The bust was initiated on the suspicion employees were illegally promoting VIP gaming services despite Beijing implementing a crackdown on gambling adverts from overseas.
Today’s ruling was the final tick of approval needed for Crown’s board, which announced the deal was “in the best interests of Crown and its shareholders” six months ago.
“Crown expects to recover a significant portion of the settlement amount from its insurers but cannot at this stage be certain about the outcome of negotiations with insurers, or the outcome of any necessary formal steps for recovery it may need to take,” Crown said in an October trading update.
The applicant’s case was led by Melbourne-based law firm Maurice Blackburn Lawyers, which has received $7.6 million for its work on the action.
International Litigation Funding Partners, which partly bankrolled the class action alongside Blackburn, will also be awarded $30.2 million – a figured described by Justice Jonathon Beach as the “lower end of the originally stipulated contractual rates in the funding agreements and well under the average contractual rate".
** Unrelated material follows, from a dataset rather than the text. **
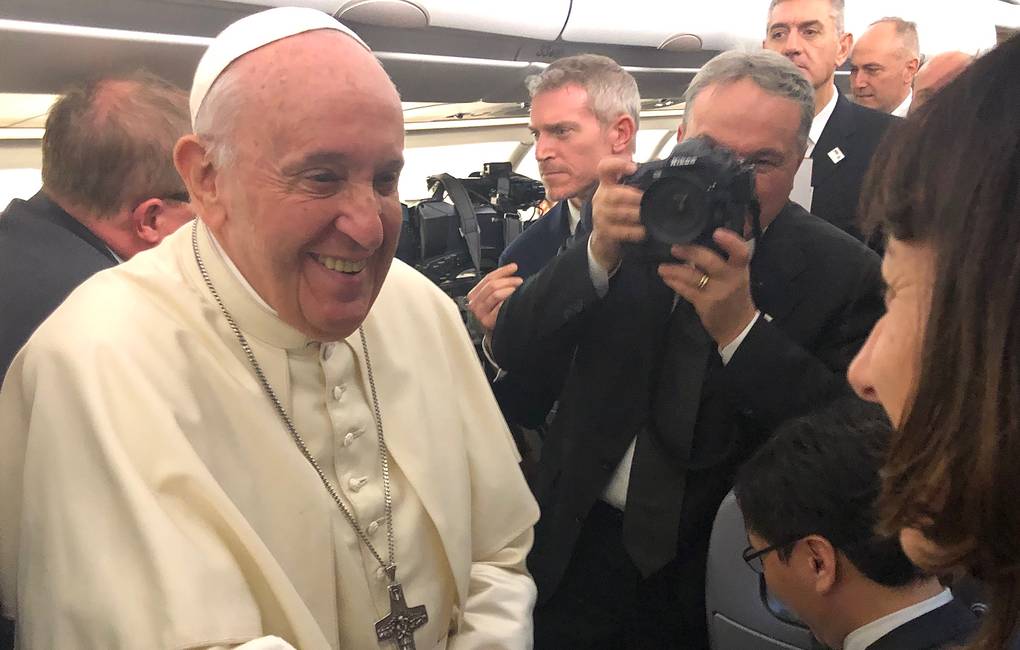 Папа Римский Франциск начал визит в Таиланд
In his judgement, Justice Beach described the settlement as “very strong” and “favourable” for the aggrieved shareholders.
“I'm satisfied that the opinion of counsel has adequately addressed the complexity of the litigation,” Beach said.
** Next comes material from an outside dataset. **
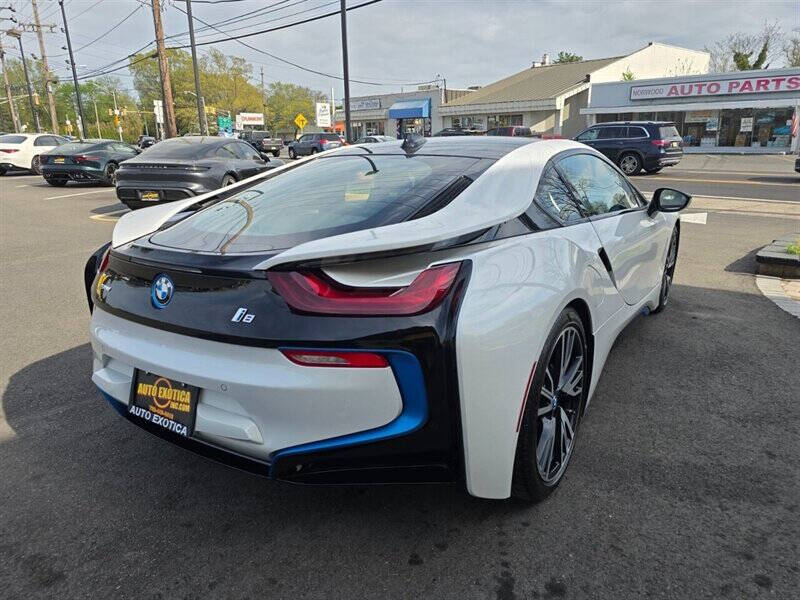 2016 BMW i8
“The returns reflected in the settlement are fair and reasonable between the parties.”
However, Crown remains in the thick of another legal battle launched by Maurice Blackburn Lawyers, which alleges the company “engaged in misleading or deceptive conduct from 11 December 2014 to 19 October 2020” after news emerged the gambling operator was being investigated by anti-money laundering agency AUSTRAC.
Maurice Blackburn principal Miranda Nagy said shareholders would expect Crown to have best-practice governance and to have complied with laws designed to combat money laundering.
“We believe these governance failures have caused real loss to shareholders who would have expected best-practice compliance with anti-money laundering obligations, especially given Crown’s repeated public statements that it took compliance with such laws seriously,” she said.
“Instead, it appears Crown’s systems left the company potentially exposed to criminal activity happening on its premises and through its bank accounts.”
The $125 million agreement comes a month after law firm Slater & Gordon (ASX: SGH) launched their own legal proceedings in the Victorian Supreme Court against The Star Entertainment Group (ASX: SGR) seeking compensation for shareholders who lost around $1 billion following media reports alleging corporate misconduct.